Ok after seeing that I might try this!


----------



## SmokinAl (Feb 1, 2020)

I love a good experiment!
But in my opinion a kettle with a Vortex is the best way to make wings!
Al


----------



## mike243 (Feb 1, 2020)

that might might be ok on a small batch but I might do 10lbs tomorrow and plan on throwing them on the Pit Boss about 300 with a smoke tube or other flavorful smoke experiments lol , reason I bought the pellet smoker was lack of hands on cooking at 1 time there would have been more beer drinking but have has to almost quit these days  :(


----------



## cooker613 (Feb 1, 2020)

bregent said:


> I've tried it - too much work for me and wasn't an improvement over my usual method. I just make them on the pellet grill. Sprinkle with salt and baking powder and air dry in the fridge. Then cook at 425-450 for about 35 minutes, and done.

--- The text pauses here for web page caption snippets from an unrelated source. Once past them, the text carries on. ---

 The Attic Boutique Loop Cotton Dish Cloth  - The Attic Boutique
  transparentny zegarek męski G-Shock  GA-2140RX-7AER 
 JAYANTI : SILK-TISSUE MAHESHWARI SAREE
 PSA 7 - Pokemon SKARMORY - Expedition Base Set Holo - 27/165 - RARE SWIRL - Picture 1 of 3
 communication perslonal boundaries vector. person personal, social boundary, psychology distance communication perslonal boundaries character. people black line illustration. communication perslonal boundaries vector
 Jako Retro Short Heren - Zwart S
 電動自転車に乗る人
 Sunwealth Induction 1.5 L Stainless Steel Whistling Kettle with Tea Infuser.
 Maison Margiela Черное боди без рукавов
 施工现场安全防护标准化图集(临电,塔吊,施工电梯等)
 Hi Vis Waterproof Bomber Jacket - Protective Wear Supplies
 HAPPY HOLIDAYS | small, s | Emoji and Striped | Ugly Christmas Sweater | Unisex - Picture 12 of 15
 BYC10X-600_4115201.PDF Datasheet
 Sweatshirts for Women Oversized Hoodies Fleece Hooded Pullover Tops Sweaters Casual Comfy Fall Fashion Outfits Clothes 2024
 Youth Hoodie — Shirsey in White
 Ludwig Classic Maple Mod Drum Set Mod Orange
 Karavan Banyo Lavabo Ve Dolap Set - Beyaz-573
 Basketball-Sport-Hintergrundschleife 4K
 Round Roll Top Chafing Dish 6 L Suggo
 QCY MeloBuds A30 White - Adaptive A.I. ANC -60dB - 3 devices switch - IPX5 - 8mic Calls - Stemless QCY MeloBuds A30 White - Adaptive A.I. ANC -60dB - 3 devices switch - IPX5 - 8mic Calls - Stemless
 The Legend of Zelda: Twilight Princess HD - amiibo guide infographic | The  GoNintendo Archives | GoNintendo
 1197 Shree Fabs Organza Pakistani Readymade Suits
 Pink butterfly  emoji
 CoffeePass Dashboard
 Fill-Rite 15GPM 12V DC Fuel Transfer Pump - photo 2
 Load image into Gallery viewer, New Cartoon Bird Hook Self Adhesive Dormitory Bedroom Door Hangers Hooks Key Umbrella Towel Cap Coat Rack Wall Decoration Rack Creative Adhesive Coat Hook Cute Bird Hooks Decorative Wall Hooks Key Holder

Quick question: what does the baking powder do? Never did that and am curious. Thanks.


----------



## gnatboy911 (Feb 3, 2020)

I've done it a few times. I usually do 160 overnight in the SV, then take them out and put them on a rack in the fridge uncovered overnight, then quick fry in hot oil. very tender, very crispy.


----------



## rbnice1 (Feb 3, 2020)

So.. They turned out great!  Super tender and juicy.  I also tried a few in there own bag with some Cajun Butter and then used my grill gun on them, but it really didnt taste any different so ended up using wing sauce with them as well.  I used a bit too much butter on the sauce but other then that it turned out pretty good.


----------



## gnatboy911 (Feb 3, 2020)

rbnice1 said:


> So.. They turned out great!  Super tender and juicy.  I also tried a few in there own bag with some Cajun Butter and then used my grill gun on them, but it really didnt taste any different so ended up using wing sauce with them as well.  I used a bit too much butter on the sauce but other then that it turned out pretty good.
> View attachment 431079


what was your method? Time/temp?


----------



## dirtsailor2003 (Feb 3, 2020)

cooker613 said:


> Quick question: what does the baking powder do? Never did that and am curious. Thanks.



Baking powder helps draw moisture out of the skin. Removing the moisture from the skin helps crisp the skin up when cooking.


----------



## rbnice1 (Feb 7, 2020)

I did 2.5 hours at 160 then in the fridge overnight on a rack, then air fried till skin seemed good.


----------